To overload as a member function:

class Point {
public:
   const Point operator++(int dummy);  // this Point
   ......
};

The compiler translates "pt++" to "pt.operator++(0)".

Example: Overloading Prefix and Postfix ++ for the Counter Class

Counter.h

/* The Counter class Header file (Counter.h) */
#ifndef COUNTER_H
#define COUNTER_H
#include <iostream>
 
class Counter {
private:
   int count;
public:
   Counter(int count = 0);   // Constructor
   int getCount() const;     // Getters
   void setCount(int count); // Setters
   Counter & operator++();              // ++prefix
   const Counter operator++(int dummy); // postfix++
 
   friend std::ostream & operator<<(std::ostream & out, const Counter & counter);
};
 
#endif

Program Notes:

The prefix function returns a reference to this instance, to support chaining (or cascading), e.g., ++++c as ++(++c). However, the return reference can be used as lvalue with unexpected operations (e.g., ++c = 8).
The postfix function returns a const object by value. A const value cannot be used as lvalue. This prevents chaining such as c++++. Although it would be interpreted as (c++)++. However, (c++) does not return this object, but an temporary object. The subsequent ++ works on the temporary object.
Both prefix and postfix functions are non-const, as they modify the data member count.

Counter.cpp

/* The Counter class Implementation file (Counter.cpp) */
#include "Counter.h"
#include <iostream>
using namespace std;
 
// Constructor - The default values are specified in the declaration
Counter::Counter(int c) : count(c) { } // using member initializer list
 
// Getters
int Counter::getCount() const { return count; }
 
// Setters
void Counter::setCount(int c) { count = c; }
 
// ++prefix, return reference of this
Counter & Counter::operator++() {
   ++count;
   return *this;
}
 
// postfix++, return old value by value
const Counter Counter::operator++(int dummy) {
   Counter old(*this);
   ++count;
   return old;
}
 
// Overload stream insertion << operator
ostream & operator<<(ostream & out, const Counter & counter) {
   out << counter.count;
   return out;
}

Program Notes:

The prefix function increments the count, and returns this object by reference.
The postfix function saves the old value (by constructing a new instance with this object via the copy constructor), increments the count, and return the saved object by value.
Clearly, postfix operation on object is less efficient than the prefix operation, as it create a temporary object. If there is no subsequent operation that relies on the output of prefix/postfix operation, use prefix operation.

TestCounter.cpp

#include "Counter.h"
#include <iostream>
using namespace std;
 
int main() {
   Counter c1;
   cout << c1 << endl;     // 0
   cout << ++c1 << endl;   // 1
   cout << c1 << endl;     // 1
   cout << c1++ << endl;   // 1
   cout << c1 << endl;     // 2
   cout << ++++c1 << endl; // 4
// cout << c1++++ << endl; // error caused by const return value
}

Program Notes:

Take note of the difference in cout << c1++ and cout << ++c1. Both prefix and postfix operators work as expected.
++++c1 is allowed and works correctly. c1++++ is disallowed, because it would produce incorrect result.

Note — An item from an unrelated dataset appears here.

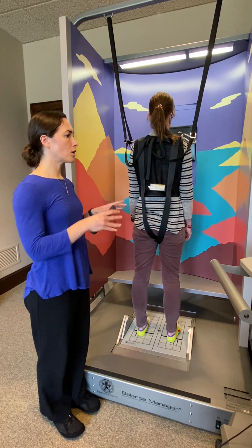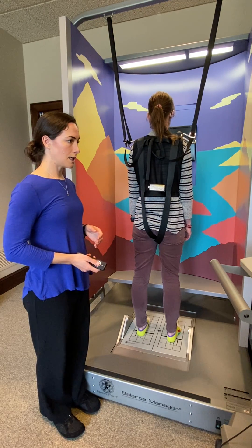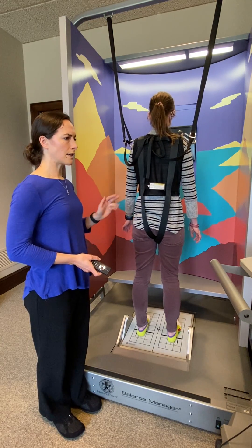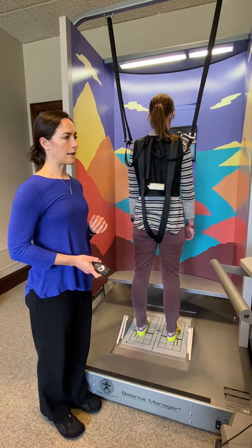We'll first show toes-up adaptation testing. Jill, are you ready? Ready. I'll begin the test starting now. Good, I'll stop the test. Normally we would do five of those toes-up trials. Next we'll show toes-down.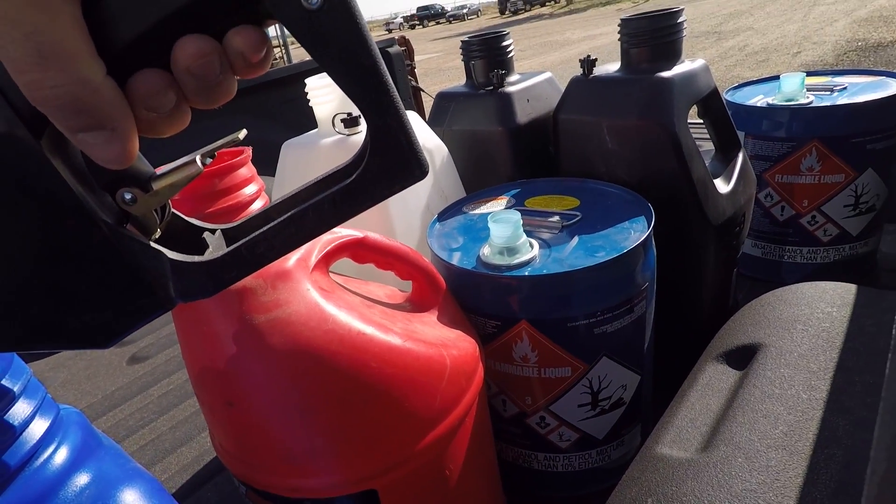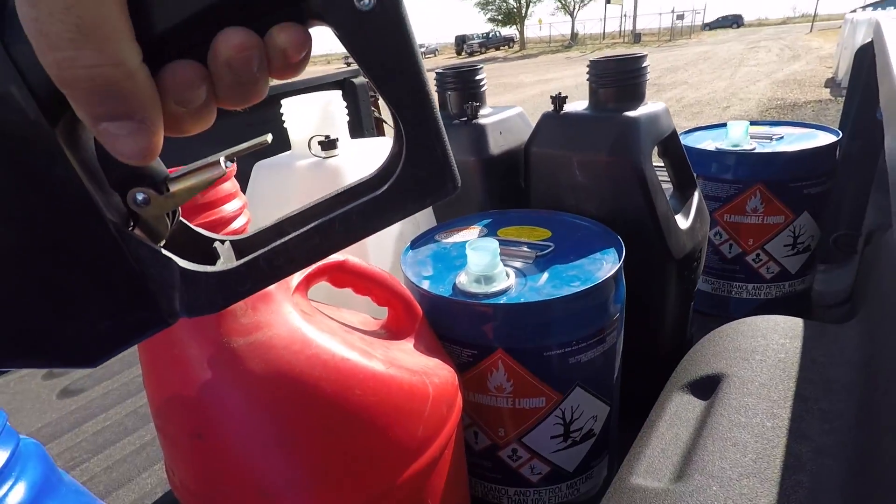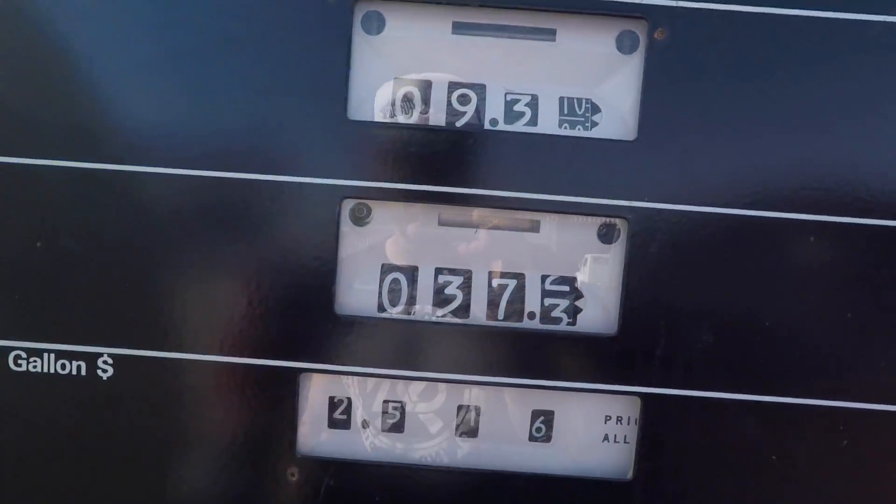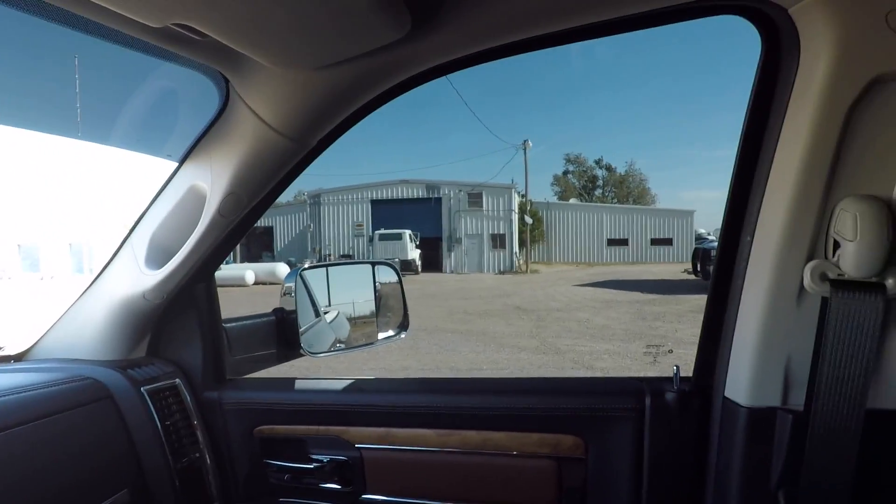Three of these cans are Branson's and four are ours. We got a ton more at home but I don't think we needed that much. We got 37.3 gallons of E85. Now I've got to go into that little building and pay — I actually already paid yesterday when I filled up my car. Losing track of the week — I don't even know what's going on anymore.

Example: Putting them together in Point Class

This example overload binary operator << and >> as non-member functions for stream insertion and stream extraction. It also overload unary ++ (postfix and prefix) and binary += as member function; and +, += operators.

Point.h

/* The Point class Header file (Point.h) */
#ifndef POINT_H
#define POINT_H
#include <iostream>
 
class Point {
private:
   int x, y;
 
public:
   explicit Point(int x = 0, int y = 0);
   int getX() const;
   int getY() const;
   void setX(int x);
   void setY(int y);
   Point & operator++();              // ++prefix
   const Point operator++(int dummy); // postfix++
   const Point operator+(const Point & rhs) const; // Point + Point
   const Point operator+(int value) const;           // Point + int
   Point & operator+=(int value);           // Point += int
   Point & operator+=(const Point & rhs); // Point += Point
 
   friend std::ostream & operator<<(std::ostream & out, const Point & point); // out << point
   friend std::istream & operator>>(std::istream & in, Point & point);        // in >> point
   friend const Point operator+(int value, const Point & rhs); // int + Point
};
 
#endif

Point.cpp

/* The Point class Implementation file (Point.cpp) */
#include "Point.h"
#include <iostream>
using namespace std;
 
// Constructor - The default values are specified in the declaration
Point::Point(int x, int y) : x(x), y(y) { }
 
// Getters
int Point::getX() const { return x; }
int Point::getY() const { return y; }
 
// Setters
void Point::setX(int x) { this->x = x; }
void Point::setY(int y) { this->y = y; }
 
// Overload ++Prefix, increase x, y by 1
Point & Point::operator++() {
   ++x;
   ++y;
   return *this;
}
 
// Overload Postfix++, increase x, y by 1
const Point Point::operator++(int dummy) {
   Point old(*this);
   ++x;
   ++y;
   return old;
}
 
// Overload Point + int. Return a new Point by value
const Point Point::operator+(int value) const {
   return Point(x + value, y + value);
}
 
// Overload Point + Point. Return a new Point by value
const Point Point::operator+(const Point & rhs) const {
   return Point(x + rhs.x, y + rhs.y);
}
 
// Overload Point += int. Increase x, y by value
Point & Point::operator+=(int value) {
   x += value;
   y += value;
   return *this;
}
 
// Overload Point += Point. Increase x, y by rhs
Point & Point::operator+=(const Point & rhs) {
   x += rhs.x;
   y += rhs.y;
   return *this;
}
 
// Overload << stream insertion operator
ostream & operator<<(ostream & out, const Point & point) {
   out << "(" << point.x << "," << point.y << ")";
   return out;
}
 
// Overload >> stream extraction operator
istream & operator>>(istream & in, Point & point) {
   cout << "Enter x and y coord: ";
   in >> point.x >> point.y;
   return in;
}
 
// Overload int + Point. Return a new point
const Point operator+(int value, const Point & rhs) {
   return rhs + value;  // use member function defined above
}

TestPoint.cpp

#include <iostream>
#include "Point.h"
using namespace std;
 
int main() {
   Point p1(1, 2);
   cout << p1 << endl;   // (1,2)
 
   Point p2(3,4);
   cout << p1 + p2 << endl; // (4,6)
   cout << p1 + 10 << endl; // (11,12)
   cout << 20 + p1 << endl; // (21,22)
   cout << 10 + p1 + 20 + p1 << endl; // (32,34)
 
   p1 += p2;
   cout << p1 << endl; // (4,6)
   p1 += 3;
   cout << p1 << endl; // (7,9)
 
   Point p3;  // (0,0)
   cout << p3++ << endl; // (0,0)
   cout << p3 << endl;   // (1,1)
   cout << ++p3 << endl; // (2,2)
}

Implicit Conversion via Single-argument Constructor & Keyword "explicit"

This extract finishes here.